The report included other recommendations such as calling for a set of national standards and for departments to devote more money to training, which accounted for a fraction of the police budgets among agencies that responded to PERF’s survey. The report also calls for recruits to be taught more about the history of policing nationwide and locally “with a special emphasis on racial justice issues,” saying recruits need to learn how this history can “shape perceptions of the police today.”

Police instruction has changed over time, including the increase in hours spent in training, the report said. But that volume of training still falls short when compared with people in other jobs in the United States or police in other countries, the report said.

Police in the United States typically spend about 20 weeks in the academy, the report said, while recruits in Japan might spend up to 21 months training. Their peers in many European countries spend two to three years training.

“Look, it’s expensive to train someone for a year,” Wexler said. “But it’s far more expensive to not train them properly and see a situation handled badly. It can absolutely devastate a department and a city.”
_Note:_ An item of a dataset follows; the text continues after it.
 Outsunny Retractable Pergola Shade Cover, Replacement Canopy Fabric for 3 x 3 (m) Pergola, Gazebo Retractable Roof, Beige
Just ramping up the amount of training, Wexler said, is not the solution, even though that is often floated by officials amid controversies like uses of force.

“When police have faced a crisis, the conventional recommendation is inevitably more training,” Wexler said. “The reality is that more training may not necessarily be the answer to what the issue is.”

The report said there has not been enough research into what training actually works, calling on policing to invest in more to figure out “what works and what doesn’t in police recruit training.”

Ian Adams, a professor of criminology and criminal justice at the University of South Carolina, said he believes the training offered today is better than it used to be, but he said it is important to understand what types of training work best.

“I know it’s tempting to say, well, if we just put officers through 10 more hours of X training, then we should get Y results,” said Adams, a former police officer.

But, he said, “the evidence doesn’t say that. Because we haven’t put the necessary resources into understanding what training would actually accomplish the outcomes we want.”

The PERF report said training academies should avoid taking a “paramilitary approach,” potentially merge with others to create consistency in what new officers are taught, and welcome input from members of the community, among other suggested changes.

The report also touches on why, despite all the pleas to rethink policing, training remains behind the times in many places. “At many academies,” the report said, instruction “is based largely on what has been taught in the past.” New laws, department policies and other practices in law enforcement, the report said, are not always added promptly to the instruction.

In many cases, the report continued, academies “seem to rely almost exclusively on current or retired law enforcement officers to develop their training curricula,” even though these people lack backgrounds in designing course instruction.

David J. Thomas, a retired Florida police officer, said he feels like “there’s still not enough” instruction for new officers. Police get trained in things like how to use firearms and defensive tactics, Thomas said, but the instruction falls short when it comes to things like how to treat members of the community or respond to people in crisis.

“I don’t think the curriculum’s changed enough to meet the needs of the people that we’re serving,” said Thomas, a professor at Florida Gulf Coast University.